Under DOMA, however, the federal government will not consider a same-sex marriage, validly performed under state law, as a valid marriage under federal law. And that has serious federal income tax implications.
When Robert added Carl, his lawful spouse, to his family health insurance, his HR office informed him that since Carl was not a spouse under federal law, Robert would have to pay taxes on “imputed income” to Carl. “Imputed Income is the addition of the value of cash/non-cash compensation to an employees’ taxable wages,” and both federal income taxes and FICA (Social Security) taxes are assessed against the value of this imputed income.
Robert was shocked when he saw his next paycheck. In order to cover the imputed value of providing health insurance to his spouse – an action that is never applied to an opposite-sex spouse – his employer had withheld an additional $450/month from his paycheck.
As a middle-class income-earner, the loss of an additional $5,400 annually was too much to absorb. Robert removed Carl from his health insurance policy, and Carl applied for – and received – HIV coverage under the Ryan White Act.
The sad reality is that without DOMA, Carl could have been added to a private insurance policy just as any other spouse could be, without the punishing effect of federal taxes associated with imputed income.
Because of DOMA, American taxpayers will now pay a minimum of $36,000 annually for Carl. And this is just a single instance of a pattern that is replicated across the nation.
There are over 1.1 million HIV positive Americans. 30% receive assistance through the Two Billion dollar plus Ryan White Care Act. Close to half might currently or eventually be eligible for private insurance coverage through spouses, civil unions, domestic partnership arrangements, or company policies.
Fiscal Conservatives, take note: one of the single most significant actions you could take to reduce spending and taxpayer burden, while improving health care provisions for hundreds of thousands of Americans, is to repeal the provision of DOMA that prohibits federal recognition of valid state marriages.

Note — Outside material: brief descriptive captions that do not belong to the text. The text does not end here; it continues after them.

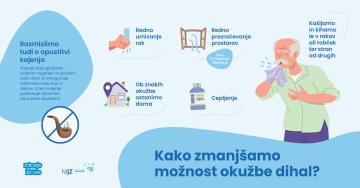 KAKO ZMANJŠATI MOŽNOST OKUŽBE DIHAL??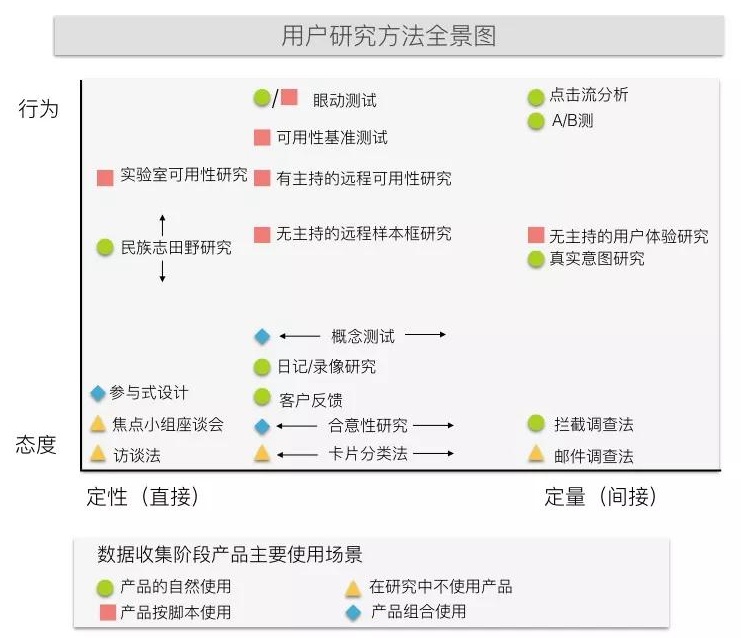 教科书级别的干货！一文看懂如何选择合适的用研方法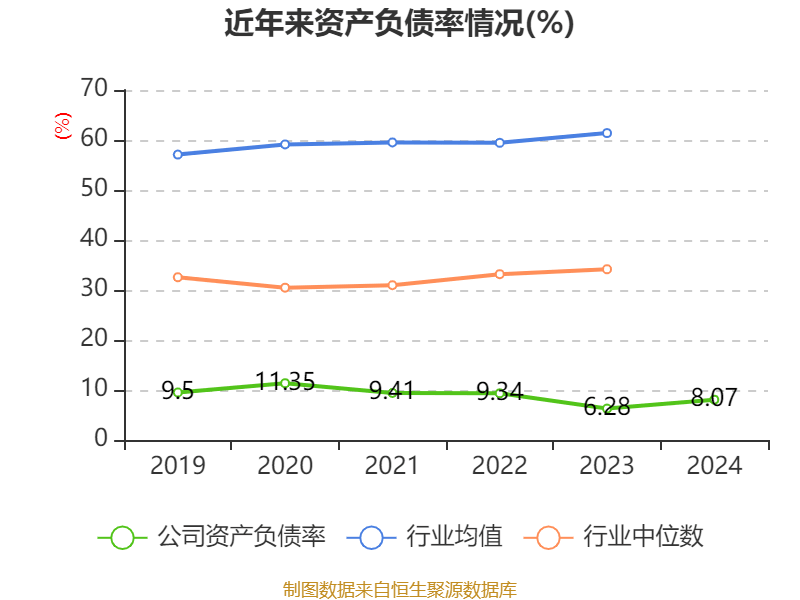 恒瑞医药：2024年净利润63.37亿元 同比增长47.28% 拟10派2元
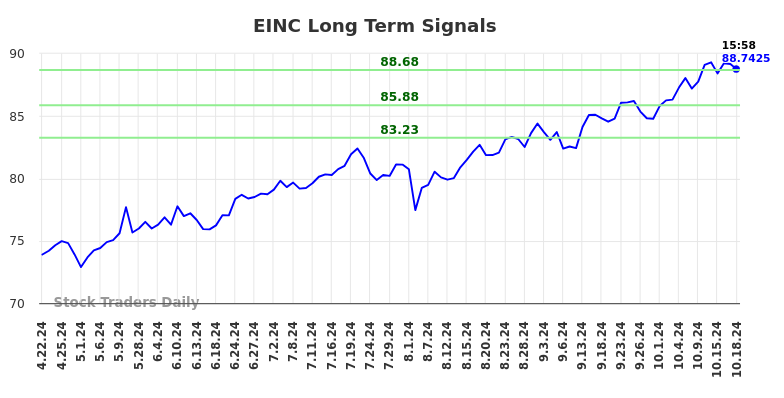 EINC Long Term Analysis for October 21 2024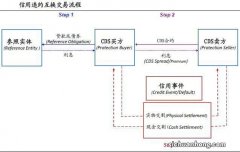 1688商家成长宝典之店铺在线交易流程简介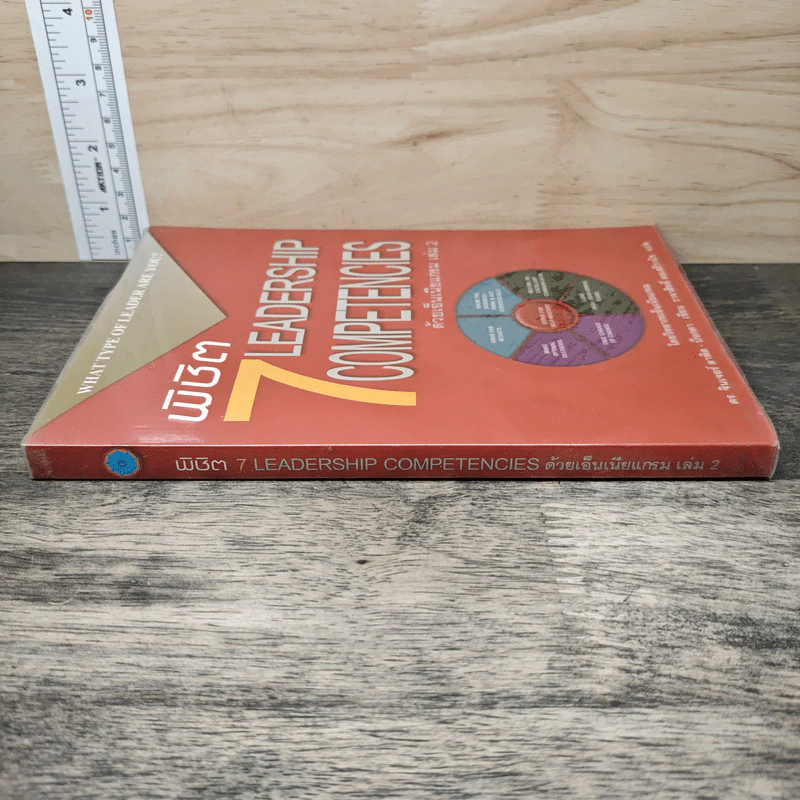 พิชิต 7 Leadership Competencies ด้วยเอ็นเนียแกรม เล่ม 2 - ดร. จินเจอร์ ลาพิด-บ็อกดา, วาจาสิทธิ์ ลอเสรีวานิช รูปที่ 2
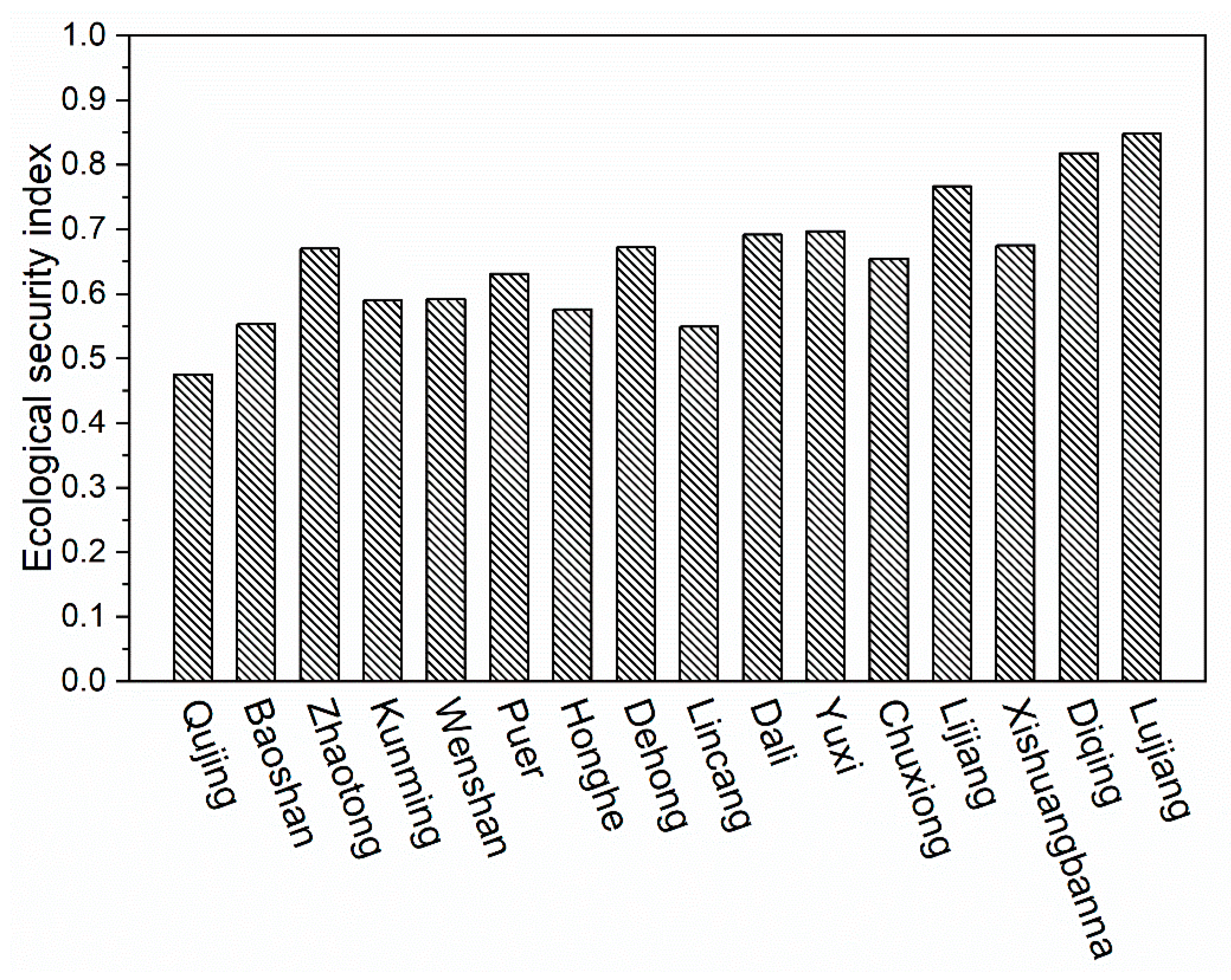 Applsci 13 12345 g005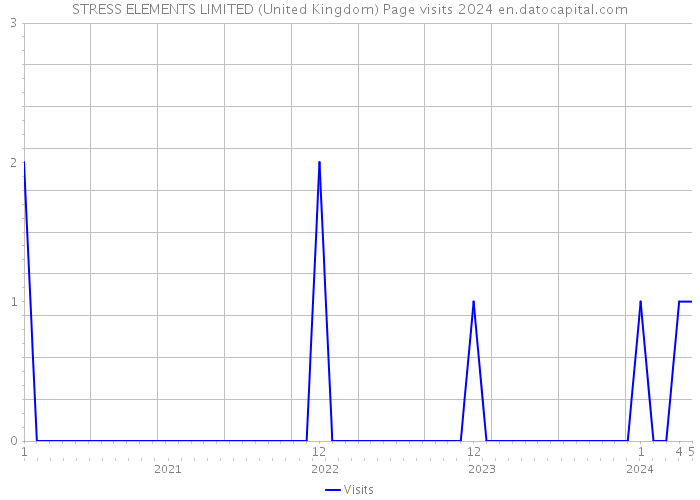 STRESS ELEMENTS LIMITED (United Kingdom) Page visits 2024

The only real question is whether you believe that punishing homosexual couples is a more important public policy goal.
*Robert and Carl are not their real names, but they are real people and the dollar figures and story are entirely accurate.
CDC 'HIV Prevalence Estimates -- United States, 2006' MMWR 57(39), 3 October 2008
AIDS Drug Assistance Programs (ADAPs) - Henry J. Kaiser Family Foundation Fact Sheet
U.S. Census Bureau. “County Business Patterns: 2000.”
Human Rights Campaign, “State of the Workplace: 2006.”